Changez is no crazed terrorist but a sensitive and intelligent man whose loyalties are divided . For all his education he is in many ways a naive character. At the apartment of his boss, he notes the framed paintings of naked men and is  still  surprised that this man has no wife or children.  His studious politeness means that his sexual desire for Erica is expressed in roundabout way: “[I was] desirous of embarking on a relationship with her that amounted to more than friendship”.

Ultimately Changez comes to see himself as a kind of ‘jannisary’, the name given to loyal and unquestioning Muslim foot soldiers in the Turkish Ottoman Empire who were not even allowed to grow beards.  Significantly, Changez does grow a beard despite the fact that this causes him to be treated with greater suspicion and exposes him to abuse from the general  public.

At the heart of the novel is a conflict of tradition and modernity,  something which political events over the past decade have thrown into sharp relief. Details like the fact that the American uses a state of the art mobile phone while being pestered by a street beggar show up this gulf.
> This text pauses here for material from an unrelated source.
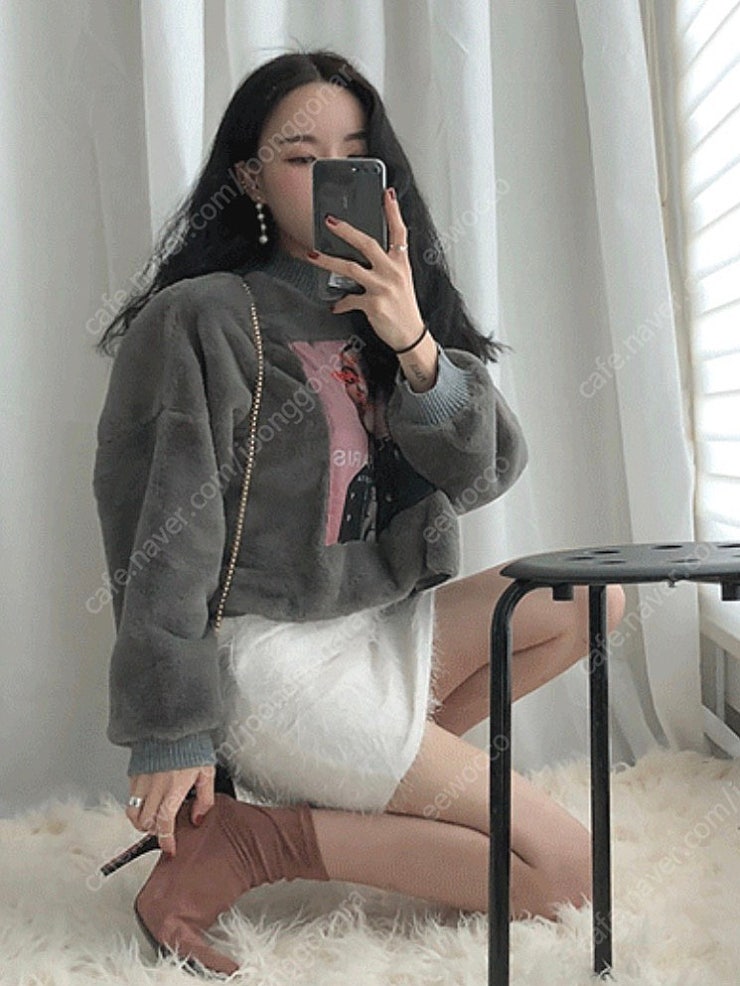 새상품) 제이콜링 밍크퍼 맨투맨 그레이 새상품) 제이콜링 밍크퍼 맨투맨 그레이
The novel raises questions rather than provides solutions but above all puts a human face on the issues it raises .  Those who hate what America stands for are not faceless monsters but individuals driven to making increasingly desperate choices.  The implicit message is that we need to develop a greater respect for cultural differences and deeply entrenched belief systems.   The definitive perspective on America comes near the end of the novel:

“It seemed to me then – and to be honest, sir, it seems to me still – that America was engaged only in posturing. As a society, you were unwilling to reflect upon the shared pain that united you with those who attacked you. You retreated into myths of you own difference, assumptions of your own superiority. And you acted out these beliefs on the stage of the world, so that the entire planet was rocked by the repercussions of your tantrums, not least my family, now facing war thousands of miles away. Such an America had to be stopped in the interests not only of humanity, but also in your own”.

Hamid skillfully maintains the suspense right up to the last line of the novel, keeping the reader guessing as to whether Changez is predator or prey. In many respects this remains an unanswered question.